Ideally, PowerInfer should be able to utilize full GPU memory or the VRAM budget you set. It first tries to offload dense layers to VRAM (attention, predictor, etc.), then it tries to split hot neurons of the FFN into VRAM if there is still space left.
You can look at this line to see how much FFN has been split and offloaded:
llm_load_gpu_split: offloaded 12577.50 MiB of FFN weights to GPU
If you find that the VRAM usage is much lower than expected, then FFN split is likely not working. Splitting FFN requires solving the neuron placement via powerinfer
Python module and loading the generated GPU index file, shown in the following lines.
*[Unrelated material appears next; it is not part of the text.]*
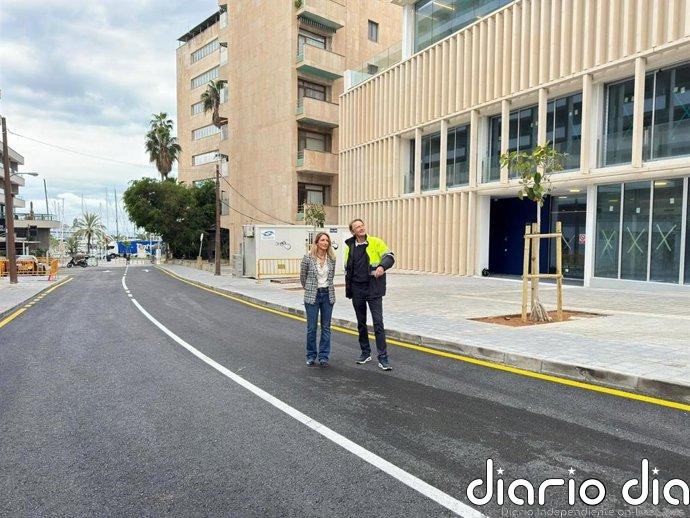 Finalizan las obras de reurbanización de la calle Aigua Dolça de Palma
Solving (the result is cached, so this only happens once):
invoking powerinfer Python module to generate gpu split for 12738.39 MiB of VRAM
solver args: Namespace(activation='/nvme2/huggingface/PowerInfer/ReluLLaMA-13B-PowerInfer-GGUF/activation', neuron=13824, capacity=429432, layer=40, vram_capacity=13357166592, batch=256, threshold=0, output='/nvme2/huggingf
ace/PowerInfer/ReluLLaMA-13B-PowerInfer-GGUF/llama-13b-relu.powerinfer.gguf.generated.gpuidx')
...
exported GPU index to /nvme2/huggingface/PowerInfer/ReluLLaMA-13B-PowerInfer-GGUF/llama-13b-relu.powerinfer.gguf.generated.gpuidx
Loading generated or cached GPU index:
llama_model_loader: loaded meta data with 3 key-value pairs and 80 tensors from /nvme2/huggingface/PowerInfer/ReluLLaMA-13B-PowerInfer-GGUF/llama-13b-relu.powerinfer.gguf.generated.gpuidx (version GGUF V3 (latest))
llama_model_loader: - tensor 0: blk.0.gpu_idx i32 [ 13824, 1, 1, 1 ]
...
apply_tensors_to_base_model: applying gpu_idx adapter from '/nvme2/huggingface/PowerInfer/ReluLLaMA-13B-PowerInfer-GGUF/llama-13b-relu.powerinfer.gguf.generated.gpuidx' - please wait ...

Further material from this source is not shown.